Tránsito de aquel que atiende al alto ruego. Estoy enamorado de los volcanes y de las montañas que conforman el centro de México. Mentiría si dijese que los conozco todos. ¡Son tantos y se alzan infinitos! San Martín está abierta. Estoy en el campanario. Puedo ver el Popocatépetl con fumarola y a San Juan Bautista con espadaña.
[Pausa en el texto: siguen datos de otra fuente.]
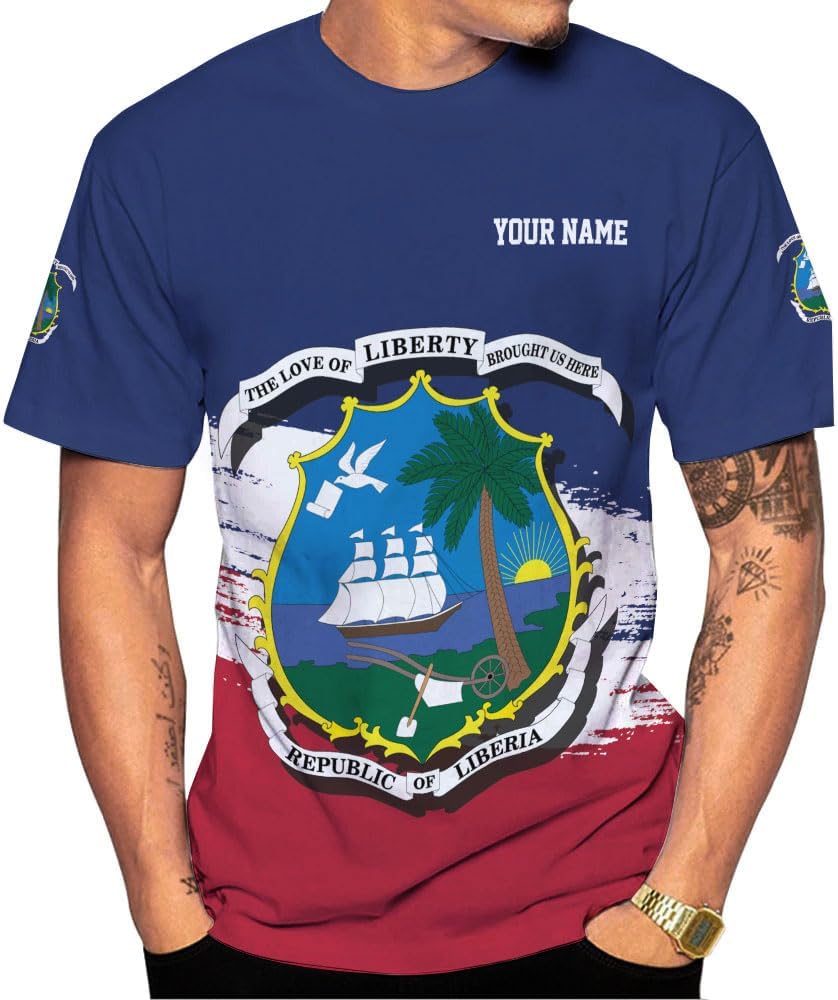 Royal Fight Personalized Liberia Shirts Liberian Pride Flag Shirt Liberia Flag Shirts Liberia Flag Gift T-Shirt for Men Women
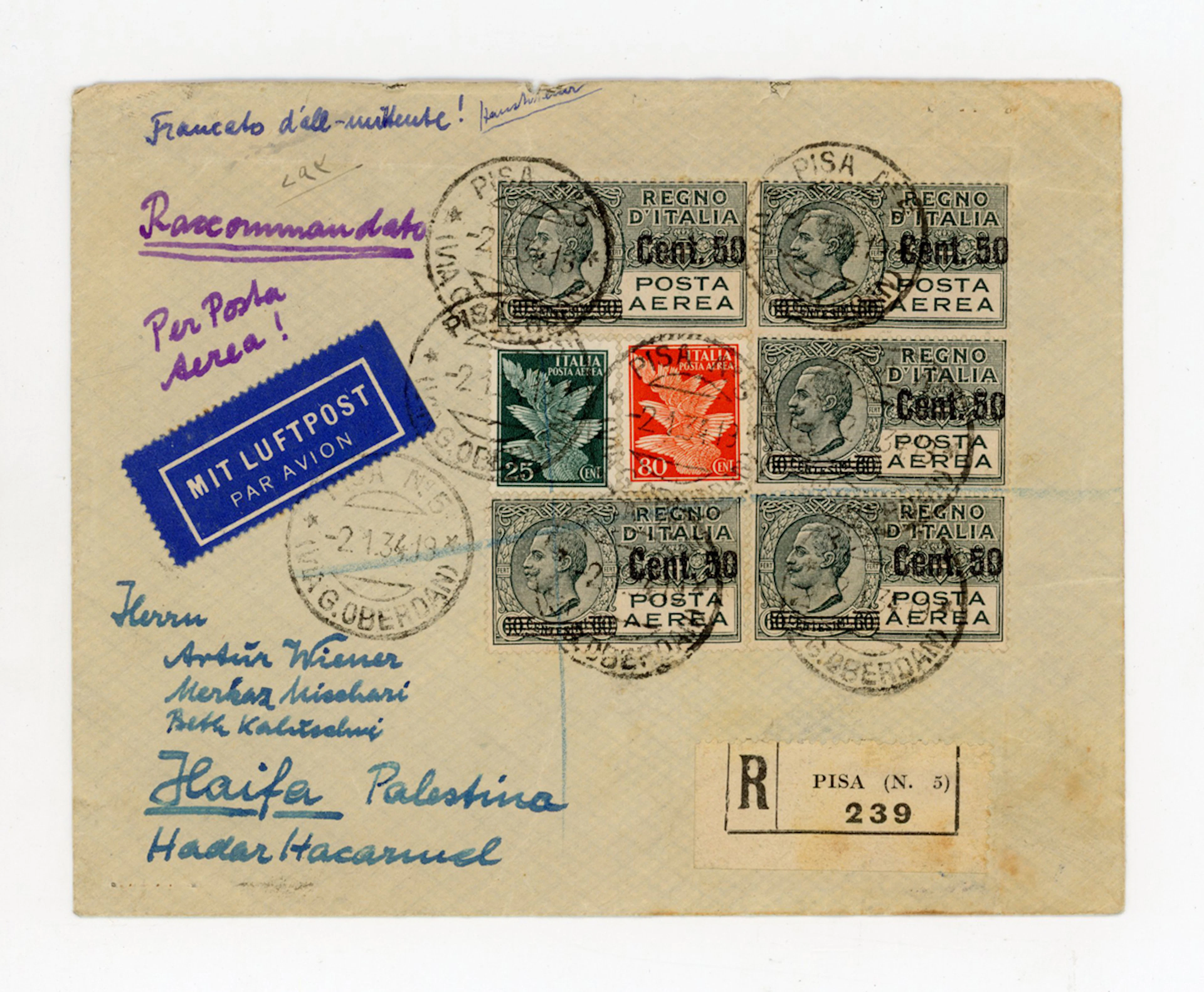 Airmail covers with unused Ballon Monte, 1925 Germany, 1930 South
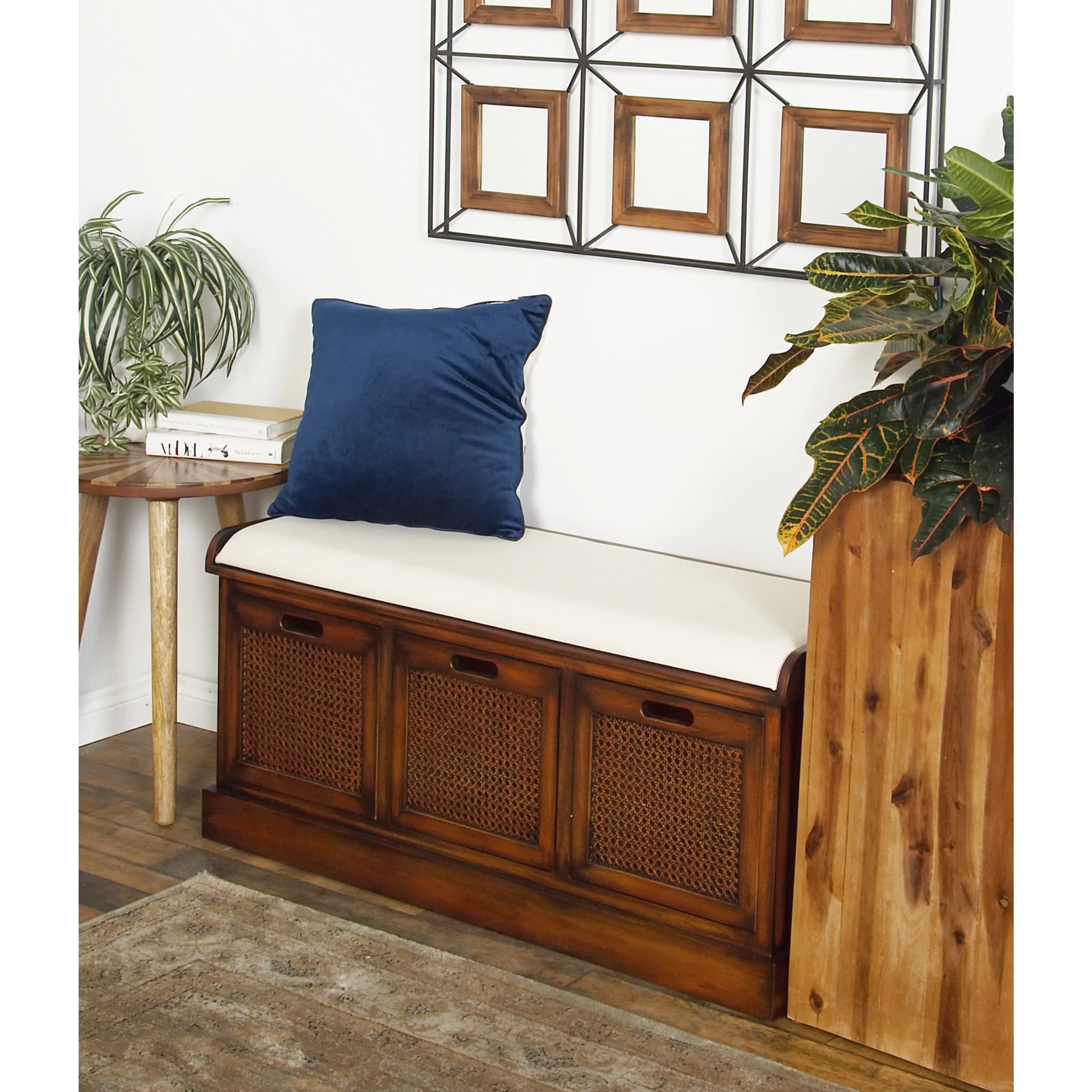 DecMode Wood Storage Bench with Upholstered Seat, Brown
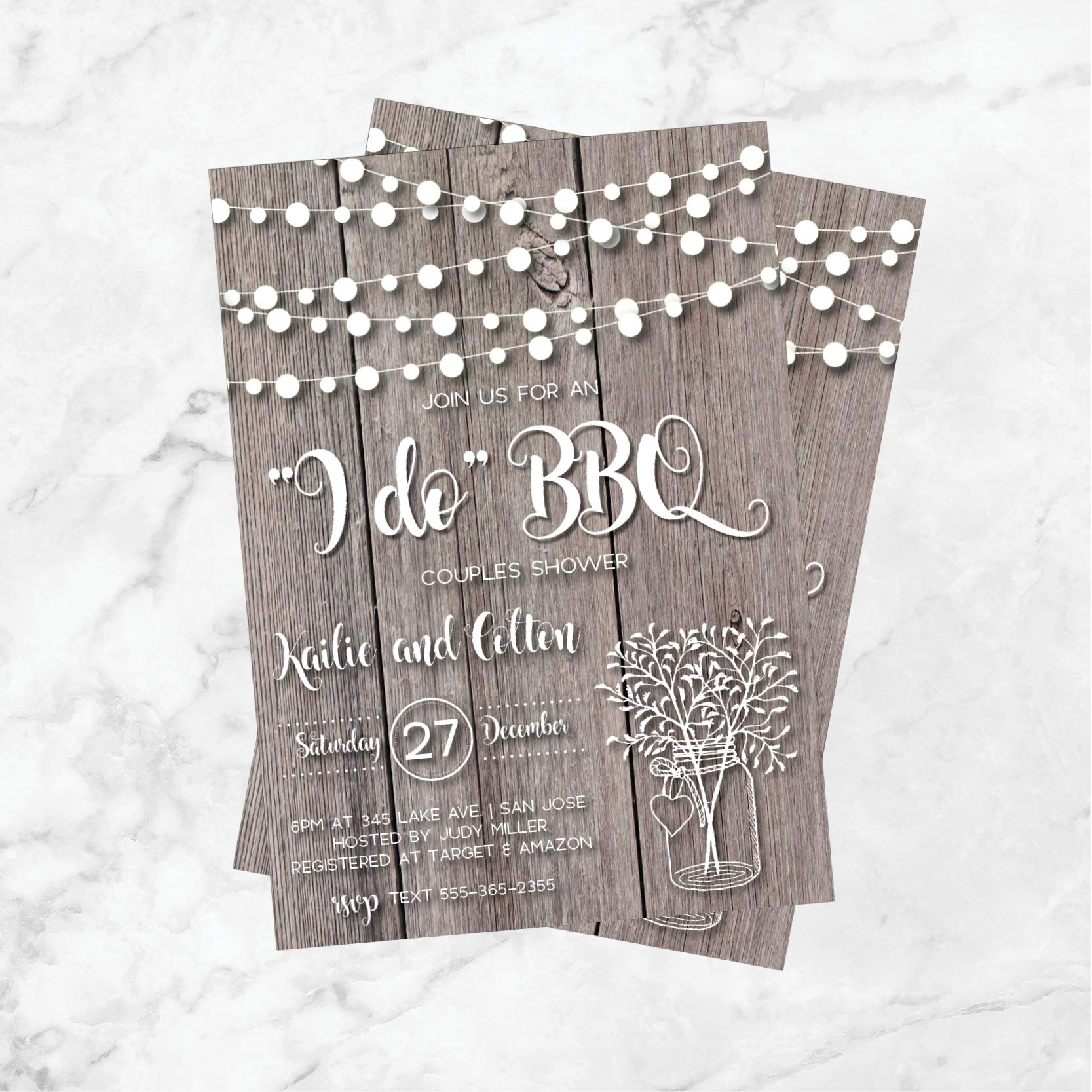 Rustic I Do BBQ Shower Invitations for Couples - Wood & Mason Jar Design with String Lights | Wedding Shower Invites | Perfect for Outdoor BBQ, Engagement Parties & Country-Themed Celebrations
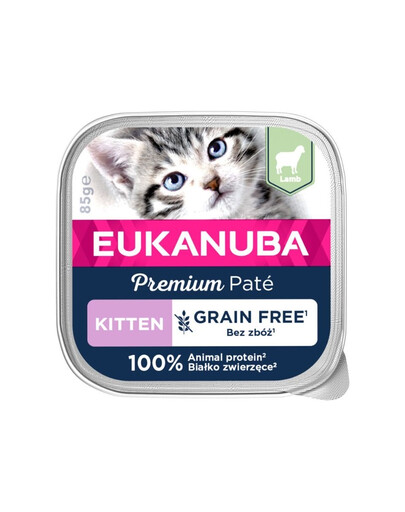 EUKANUBA Grain Free Kitten Kačiukų paštetas ėriena 16 x 85 g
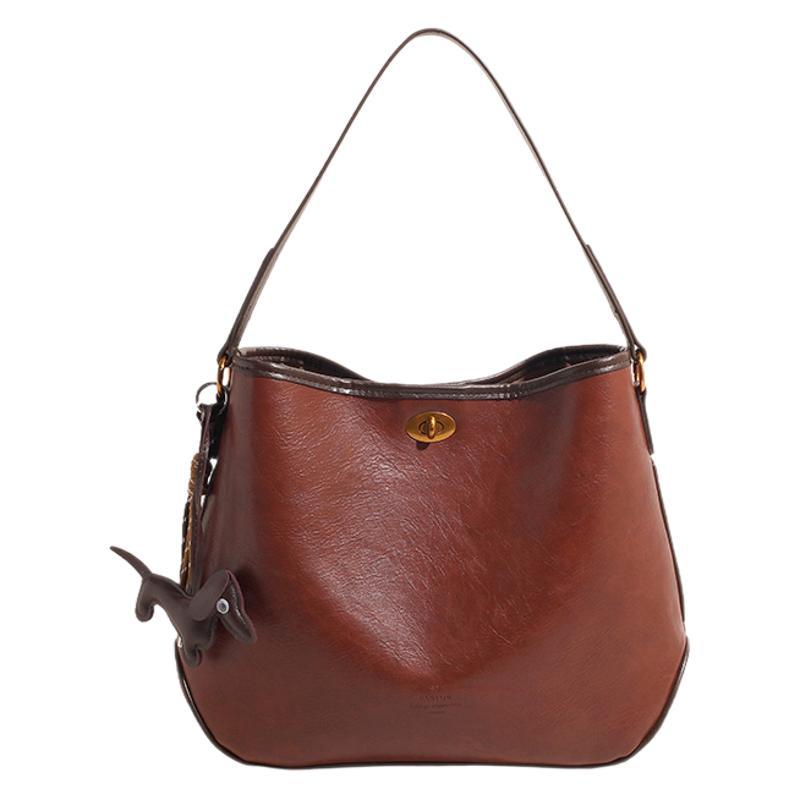2025 new fashion niche retro tote bag women's commuter large capacity handmade messenger shoulder bag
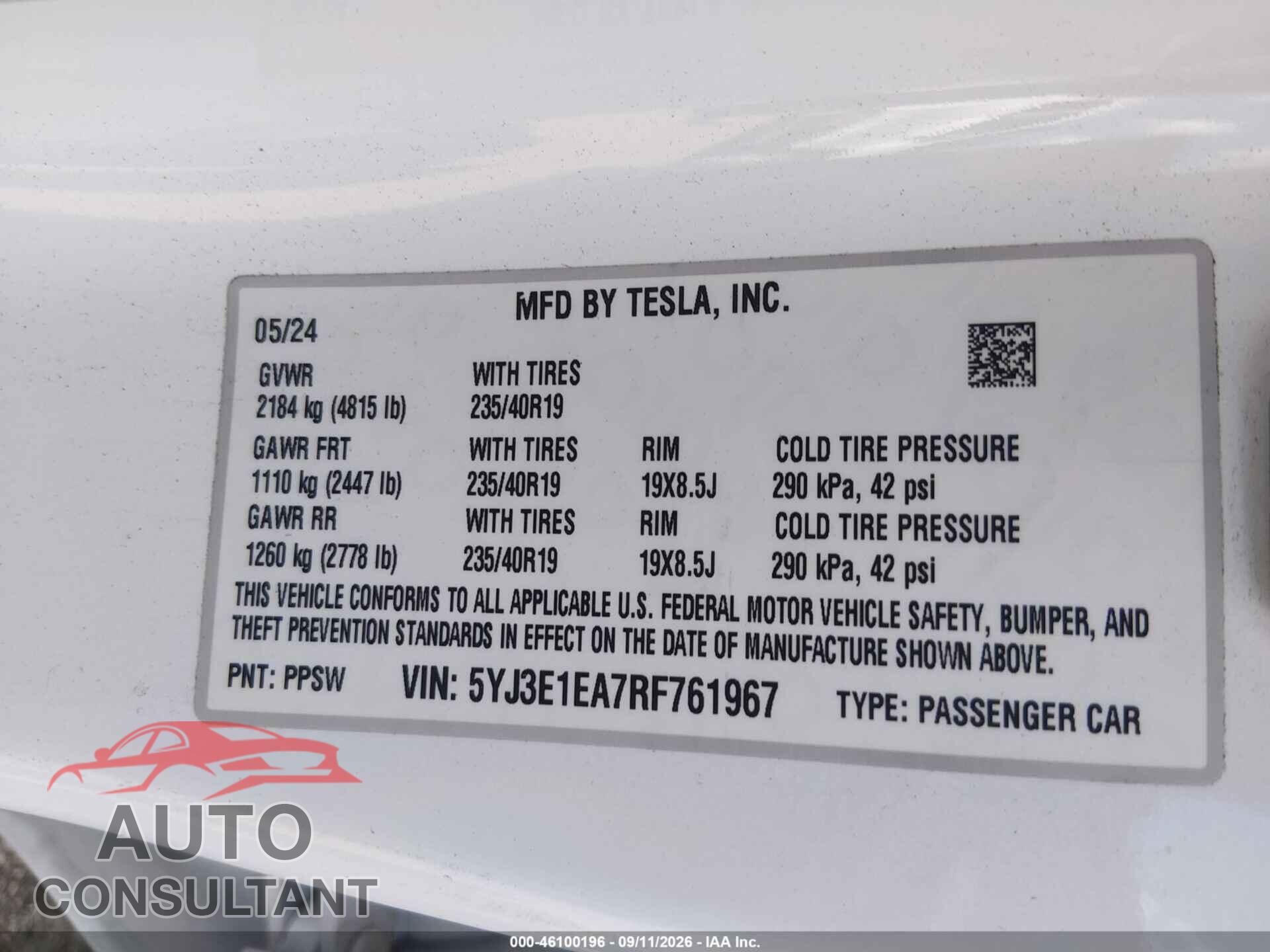 TESLA MODEL 3 2024 - 5YJ3E1EA7RF761967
La Luna, el Sol y el Cerro de la Ventanilla; la capilla de El Rosario, que acabo de retratar. Tlaxcalchica, la más pequeñita, voces lejanas de bebés. Santiago, visitado por ebrios en el atrio, no los condeno. Mi nombre es un graffiti en la Biblia. En lontananza de tiempo y espacio, desde el Bosque de Nativitas, en Xochimilco, se divisan Topilejo y Parres. Un volcán que supongo es el Tláloc. Entre tantos cerros, valles y cuencas no puedo evitar pensar en lo que dijo Arturo Graf: “La existencia es un viaje en el que no existen los caminos llanos: todo son subidas o bajadas”. Frase que también me recuerda mi persistente asombro para con el mundo: jamás me aburro, no puedo aburrirme: el horror y la dicha me lo impiden. A Milpa Alta llego para ver el final con mariachi del recorrido con el Santísimo Sacramento el 10 de julio de 2010. Es la fiesta de la Purísima e Inmaculada Concepción. La siguiente semana será montar Alondra, y galopará con fuerza hasta que lleguemos al establo. Alguna vez, en Tlayacapan, un caballo me impidió ascender hasta la cruz del cerro de la Ventanilla. Fue mi Cancerbero equino: tímpano que relinchó en el monte. Hoy celebro la montada de Chabelita, Moztaza y Alondra, por mencionar a los más queridos. A veces, quisiera que mi vida tuviese plenitud, como dijera Alfred Víctor de Vigny: “Una vida lograda es un sueño de adolescente realizado en la edad madura”. ¿No es éste el misterio de Santa Catarina? Y con la venia de la madre Juana, quiero orar así al Dios de los estetas:

No pescuden más,
porque más no sé,
de que es Catarina,
para siempre. Amén.

2 comentarios:

Atilio dijo...

Bello, íntimo y enciclopédico texto.

"...jamás me aburro, no puedo aburrirme: el horror y la dicha me lo impiden".

Hermosa frase con la que coincido plenamente y que siempre ha sido una parte importante de mi norte.
Tampoco me aburro porque hay mucho por aprender y aumenta constantemente.
Menos horror que dicha.

Enrique Arias Valencia dijo...

Buenos días, Atilio.

¡Qué bien que dicha expresión también te guíe!